On Tuesday, the state announced an agreement with Stellantis, the automaking conglomerate that contains the Chrysler, Jeep, Dodge, and Ram brands to comply with more restrictive tailpipe emissions rules through 2026. California also said Stellantis would go along with its electrification mandates through 2030 — regardless of whether either is struck down by federal regulators or the courts.

The agreement is part of California’s effort to preserve its ability to set emissions standards and mandate electrification even with a hostile White House and judicial branch. By trying to get enough of the industry to agree to its rules voluntarily and not join any effort that may arise to throw them out, it hopes either to preserve its rule-making ability or, in the worst case scenario, leverage the industry’s desire for predictability to keep the rules themselves intact.

David Clegern, public information officer at the California Air Resources Board, told me there was no connection between Tuesday’s agreement and today’s EPA announcement. The deal “gives Stellantis flexibility in how they meet California's existing greenhouse gas emissions vehicle requirements," he said. In exchange, the state gets an even deeper emissions cut than it would otherwise — some 10 million extra tons of foregone greenhouse gas emissions.

Stellantis also agreed “not to oppose California’s authority under the Clean Air Act for its greenhouse gas emissions and zero-emissions vehicle standards,” the California Air Resources Board said in its announcement of the agreement.

California has long had the ability to set its own emissions standards thanks to the structure of the Clean Air Act and a waiver from the EPA. California got some automakers to agree to a version of Obama-era tailpipe emissions rules in the summer of 2019 that the Trump administration had planned on scrapping, after which Trump officials revoked California’s ability to set emissions rules. California finalized its agreement with the automakers the following year, then regained its authority to set emissions rules in 2022.

The principle behind the Stellantis deal is similar to those earlier agreements, Clegern said. Stellantis had been on the outside looking in on California’s deals with automakers, and late last year initiated an administrative process to try to get them thrown out. (It was unsuccessful.) Now, the company has agreed not only to implement emissions and electrification rules, but also to invest in electrification in the state by spending $4 million on charging infrastructure in California and $6 million in states that also adopt California’s emissions rules.

Meanwhile, the EPA is working on a new waiver process for California’s electrification standards, which would need to be completed before the end of this year to both avoid interference from a potential incoming Republican administration and to make sure it applies on the schedule the state has set out, Kathy Harris, clean vehicles director at the Natural Resources Defense Council, told me.
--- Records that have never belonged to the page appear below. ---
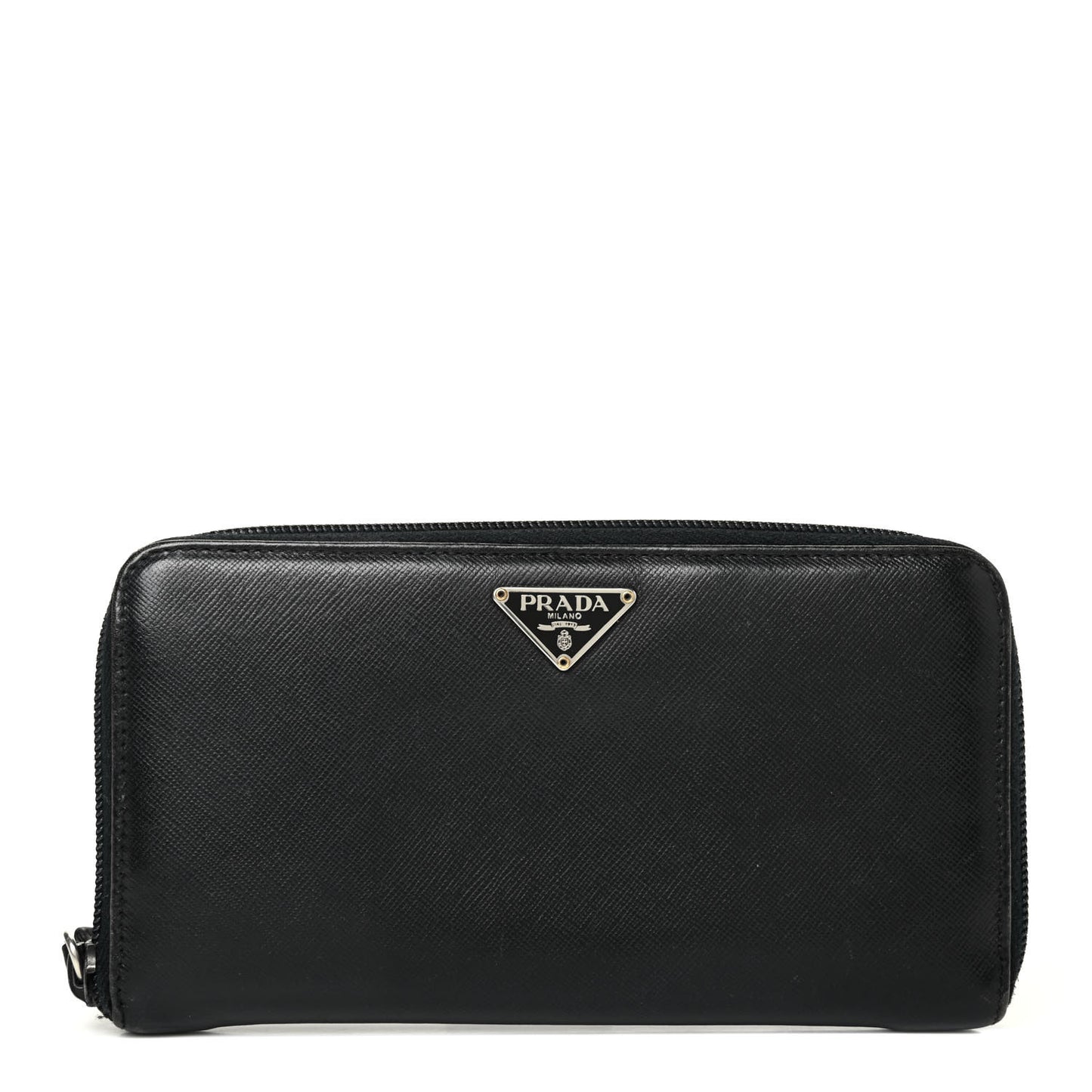 Saffiano Triangle Zip Around Wallet Black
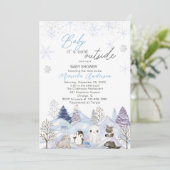 Watercolor Artic Baby seine kalte Außendusche Einladung (Stehend Vorderseite)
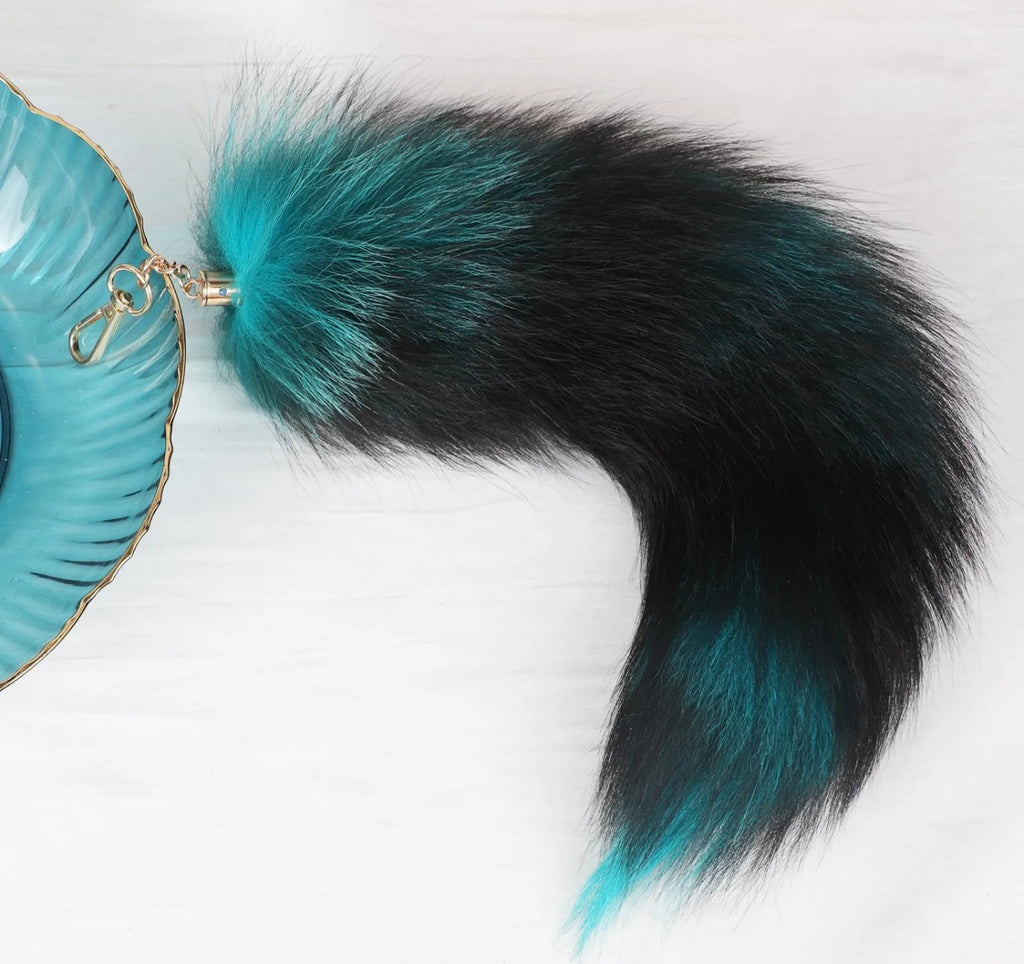 Faux Fur Fox Tail Keychain – Fluffy Bag Charm Pendant Fur Bag Keychain Qme
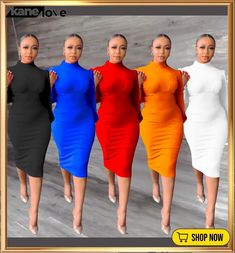 Solid Color Open Sleeve Turtleneck Fashion Dress Orange Long Sleeve Stretch Bodycon Dress, Orange Stretch Bodycon Dress With Long Sleeves, Spring High Neck Stretch Midi Dress, Spring High Neck Midi Dress, High Neck Midi Dress For Spring, Spring High-neck Stretch Midi Dress, Casual High Neck Party Dress, Orange Long Sleeve Bodycon Dress For Spring, Orange Long Sleeve Midi Dress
The rules, known as the Advanced Clean Car Standard II regulations, start with the 2026 model year and apply through 2035 and mandate that all new car sales in the state be electric by the middle of the 2030s.

About a dozen other states so far have adopted the ACC II standards, including Massachusetts, New York, and Oregon. 

Many commenters on the EPA car emission proposal set out the California rules as a model for what the agency should do. “Vehicle manufacturers also commented that they had extensive collaboration with the California Air Resources Board (CARB) during the development of CARB’s recently finalized Advanced Clean Car II (ACC II) standards,” according to the final rule, “and industry broadly recommended that EPA adopt the ACC II program in lieu of our proposed standards.”

In the end, the EPA rules follow a different model than the California standards, Harris said. Crucially, the EPA isn’t mandating electrification. In remarks at a White House even on Wednesday, EPA administrator Michael Regan emphasized that they were instead technology neutral and performance based, meaning that they leave it up to the automakers to figure out how to comply.

David Reichmuth, the senior engineer in the Union of Concerned Scientists’ clean transportation program, told me that, compared to California's, the EPA rules “are distinct in what they regulate and how they regulate vehicles,” he told me. Nevertheless, “they are pulling in the same direction in trying to reduce emissions from transportation and air pollution from vehicles.”

California’s ability to set its own emissions rules is not just likely to be questioned by a Republican administration should Donald Trump win in 2025, it also could be at risk in the courts. Ohio and other states with Republican attorneys general sued the EPA in 2022 over the existence of the California waiver in a case that was heard by the D.C. Circuit Court of Appeals last fall. The ruling is still pending.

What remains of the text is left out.